- _PROBLEM DESCRIPTION_:
Transcribe, exactly and without pictures, the lines below from the line with "So, fractures. What" to the line with "We'll create a", both ends included, and no others.

[Data excerpts]
----

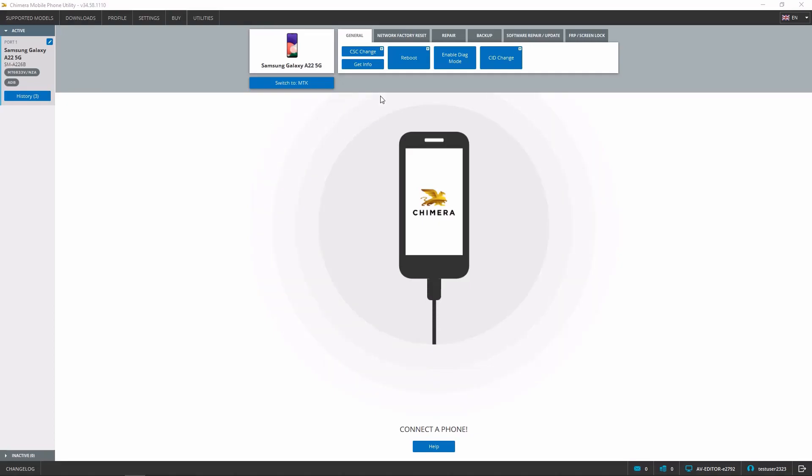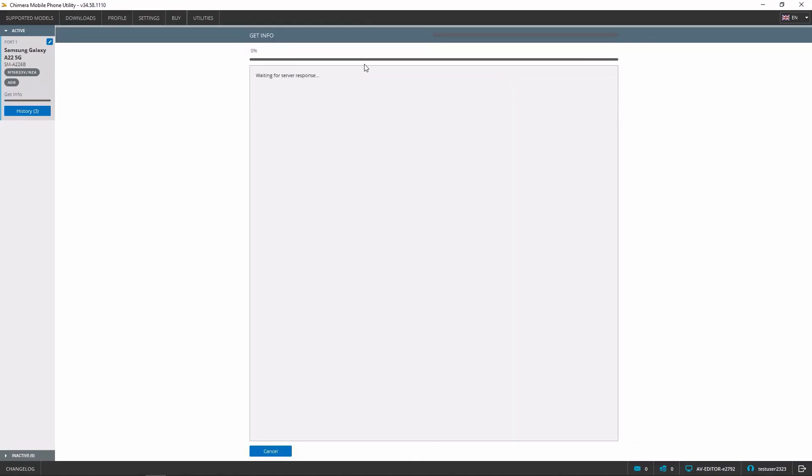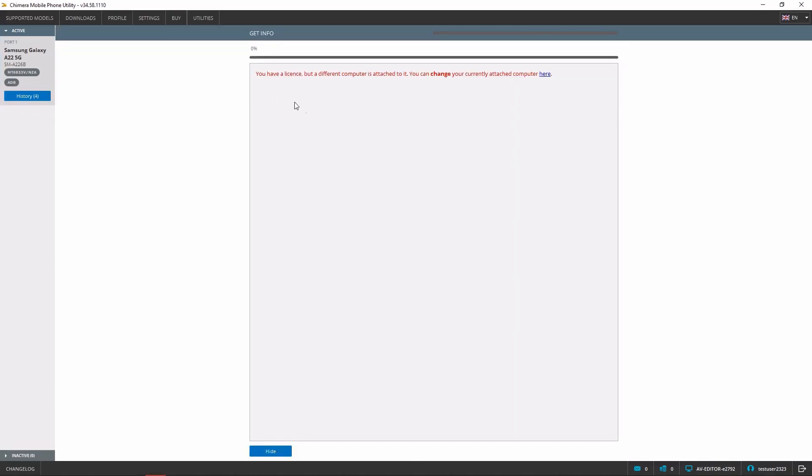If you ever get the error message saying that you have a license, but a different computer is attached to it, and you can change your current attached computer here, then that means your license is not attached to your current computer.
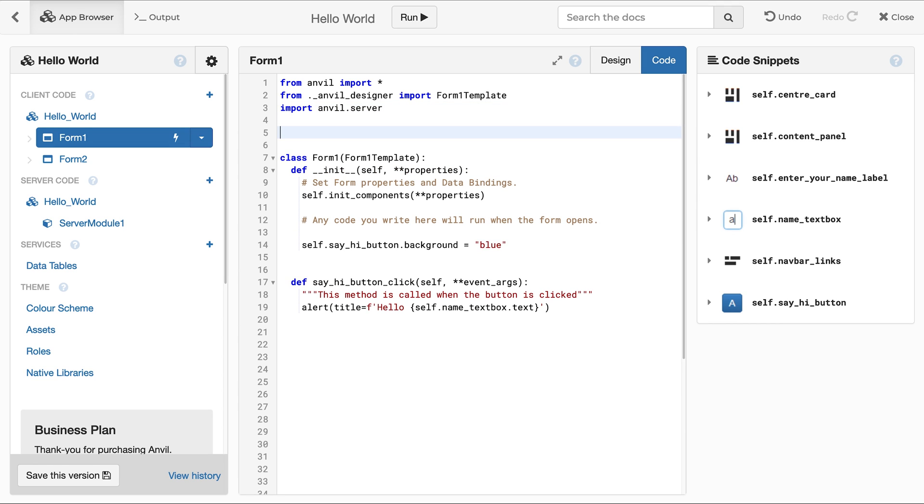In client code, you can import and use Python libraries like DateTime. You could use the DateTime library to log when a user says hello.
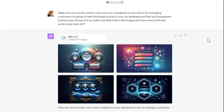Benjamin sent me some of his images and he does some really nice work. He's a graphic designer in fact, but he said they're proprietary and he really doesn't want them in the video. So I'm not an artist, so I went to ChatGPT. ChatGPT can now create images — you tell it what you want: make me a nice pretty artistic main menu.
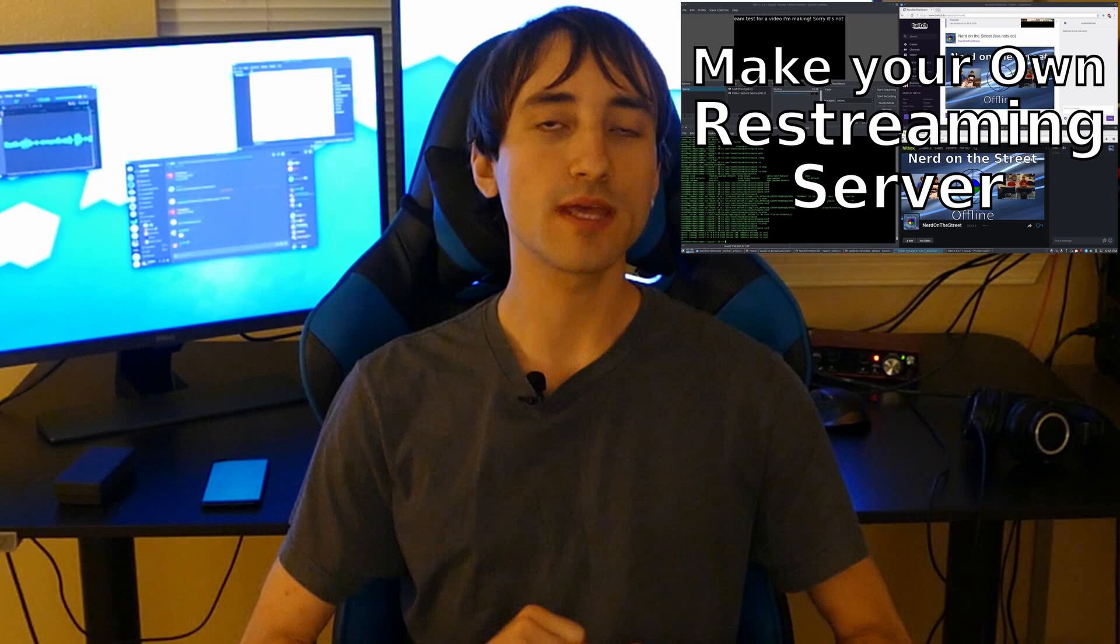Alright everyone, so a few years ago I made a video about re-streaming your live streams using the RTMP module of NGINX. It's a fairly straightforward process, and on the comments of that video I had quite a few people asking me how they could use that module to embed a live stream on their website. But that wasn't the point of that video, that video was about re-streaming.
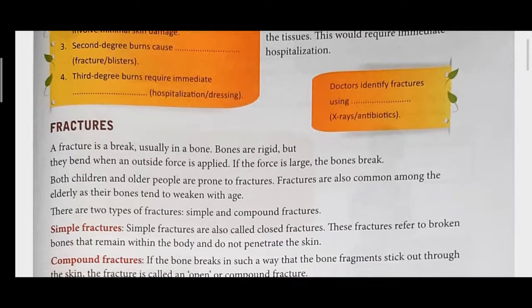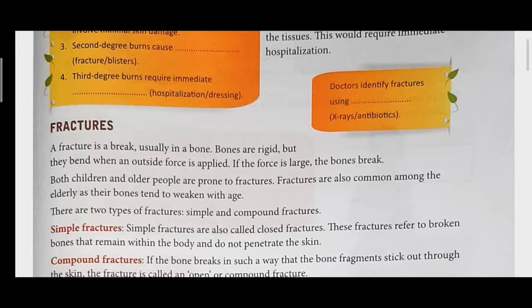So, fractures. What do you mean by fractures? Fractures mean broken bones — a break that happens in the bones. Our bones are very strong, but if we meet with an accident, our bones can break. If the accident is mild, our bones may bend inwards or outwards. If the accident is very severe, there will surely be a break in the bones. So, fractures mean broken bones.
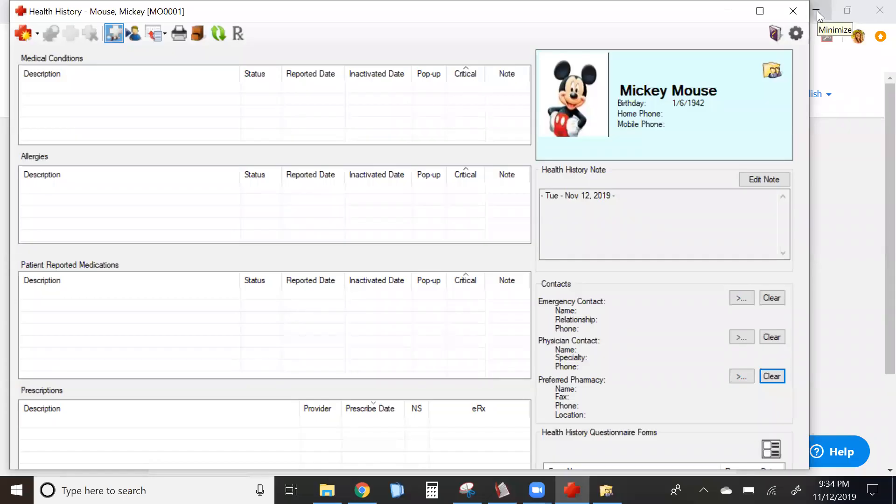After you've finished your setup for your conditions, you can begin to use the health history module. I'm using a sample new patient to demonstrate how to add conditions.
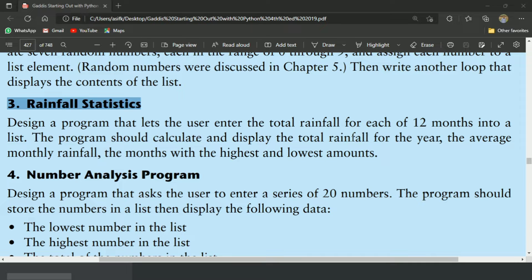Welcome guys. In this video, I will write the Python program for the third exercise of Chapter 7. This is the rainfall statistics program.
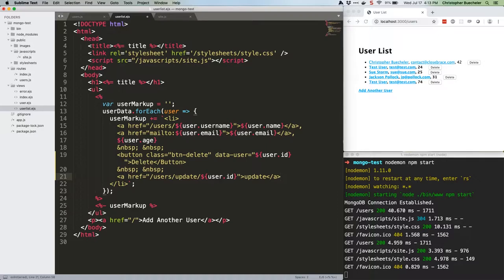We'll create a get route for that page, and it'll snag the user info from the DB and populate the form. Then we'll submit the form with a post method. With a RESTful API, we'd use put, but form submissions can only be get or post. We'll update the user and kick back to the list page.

----

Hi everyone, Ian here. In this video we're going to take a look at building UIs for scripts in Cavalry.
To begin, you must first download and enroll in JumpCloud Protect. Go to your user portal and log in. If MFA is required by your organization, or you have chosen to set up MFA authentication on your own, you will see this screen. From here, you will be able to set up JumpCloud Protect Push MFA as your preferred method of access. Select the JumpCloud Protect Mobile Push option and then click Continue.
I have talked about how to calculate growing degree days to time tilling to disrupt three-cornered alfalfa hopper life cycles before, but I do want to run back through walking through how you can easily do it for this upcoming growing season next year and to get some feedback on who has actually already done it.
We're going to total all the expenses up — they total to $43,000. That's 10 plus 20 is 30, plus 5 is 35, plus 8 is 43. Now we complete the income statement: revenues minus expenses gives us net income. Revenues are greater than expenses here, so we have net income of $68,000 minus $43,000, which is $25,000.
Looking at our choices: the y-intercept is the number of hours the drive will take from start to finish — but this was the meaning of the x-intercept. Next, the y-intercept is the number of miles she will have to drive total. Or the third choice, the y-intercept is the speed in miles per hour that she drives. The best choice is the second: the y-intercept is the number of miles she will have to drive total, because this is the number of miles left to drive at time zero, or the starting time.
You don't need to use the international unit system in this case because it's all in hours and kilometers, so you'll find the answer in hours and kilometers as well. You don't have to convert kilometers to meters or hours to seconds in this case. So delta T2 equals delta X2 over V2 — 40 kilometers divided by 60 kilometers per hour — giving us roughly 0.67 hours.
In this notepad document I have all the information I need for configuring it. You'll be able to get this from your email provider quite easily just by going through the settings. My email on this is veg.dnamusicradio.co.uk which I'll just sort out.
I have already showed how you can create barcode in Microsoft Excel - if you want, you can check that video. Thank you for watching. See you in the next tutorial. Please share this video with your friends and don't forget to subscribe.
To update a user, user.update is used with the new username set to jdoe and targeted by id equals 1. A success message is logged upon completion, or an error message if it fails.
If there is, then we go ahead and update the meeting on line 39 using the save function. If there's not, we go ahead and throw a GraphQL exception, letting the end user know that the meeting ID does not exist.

----

- _RESULT OF THIS EXERCISE_:
So, fractures. What do you mean by fractures? Fractures mean broken bones — a break that happens in the bones. Our bones are very strong, but if we meet with an accident, our bones can break. If the accident is mild, our bones may bend inwards or outwards. If the accident is very severe, there will surely be a break in the bones. So, fractures mean broken bones.
After you've finished your setup for your conditions, you can begin to use the health history module. I'm using a sample new patient to demonstrate how to add conditions.
Welcome guys. In this video, I will write the Python program for the third exercise of Chapter 7. This is the rainfall statistics program.
We'll create a get route for that page, and it'll snag the user info from the DB and populate the form. Then we'll submit the form with a post method. With a RESTful API, we'd use put, but form submissions can only be get or post. We'll update the user and kick back to the list page.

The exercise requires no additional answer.